# Forum Home Renovation Cladding  Price difference

## manofaus

just wondering what the average price to do a brick veneer house would be. The price per m2 for the brickwork vs weatherboard is what I would like to compare. Just the cladding price... eg 1200 bucks a thousand bricks or something.. Ignore the maintenance and looking after costs. I have a quote for 42 bucks a m2 not including paint for cypress cladding.

----------


## seanwknight

bricks will be more expensive for shore, but are you building a house or a shack. if its going to be your home i think you want to have a bit of quality.  
bricks laid you would be looking at around 45-55 bucks per m2.  you would also have the cost of the materials, sand cement, wall ties, steel lentils for over the windows. (if you want brickwork over the windows). there is little things like that were you save but still use bricks. like no brickwork over garage doors, windows, on gables things like that can save you a bit but you still have a brick house. there is also the cost of your bricks which  to buy the bricks would be anywere from 400/1000 too 1000/1000. 
im not shore if your price for the weather board was materials included. 
all i can say is it is a little sad to see the amount of cladding houses going up. im pretty shore non of them are built from the owner for the owner. 
but i guess you  can only do what you can afford

----------


## Lizzyodowd

have you taken into account the footing that will be needed to put the brickwork on?

----------


## manofaus

fair points.
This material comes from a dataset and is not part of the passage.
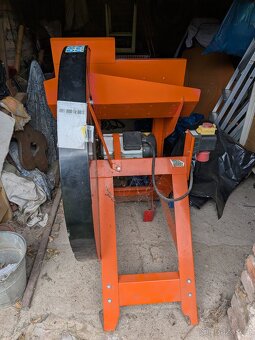 Kolíbková pila LCS 700 - 4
I am building a federation styled house so rusticated weatherboard is the way to go. I am thinking of owner building so I haven't included the price of the labour in my estimate, just nails, boards, vapour lining and drill bits!! The reason that I ask is just for estimation purposes with the construction budget compared to a spec home. thanks

----------


## CraigandKate

I am currently building a shed that has one brick wall and 3 weatherboard walls, for the cost side of it: 
Brick wall:
Bricks 2500 mixed clay commons $1000 cash
Bricklaying $800 per 1000 cash
Sand ~$120
Cement and Lime ~$100
Total $3320 (give or take $100) 
That was a 2.8 m tall x 12m long wall with multiple piers etc
Works out at $98 per square metre 
For the rest of the walls as far as i have got is:
Baltic pine pre-primed bullnose weatherboards 2.70 per lineal metre or $18 per square metre
Weathertex classic smooth weatherboards 200mm tall ~$14 per length 3.66m or ~$21.6 per square metre
Not going to do it for the shed, but if i was doing a house I would also put in foilboard or something similar under the weatherboard @ ~$7 per square metre
Plus, nails, paint, sandpaper, acrylic putty, caulking adhesive, wood for trims/corners, coil nailer purchase and my labour 
Hope that helps!

----------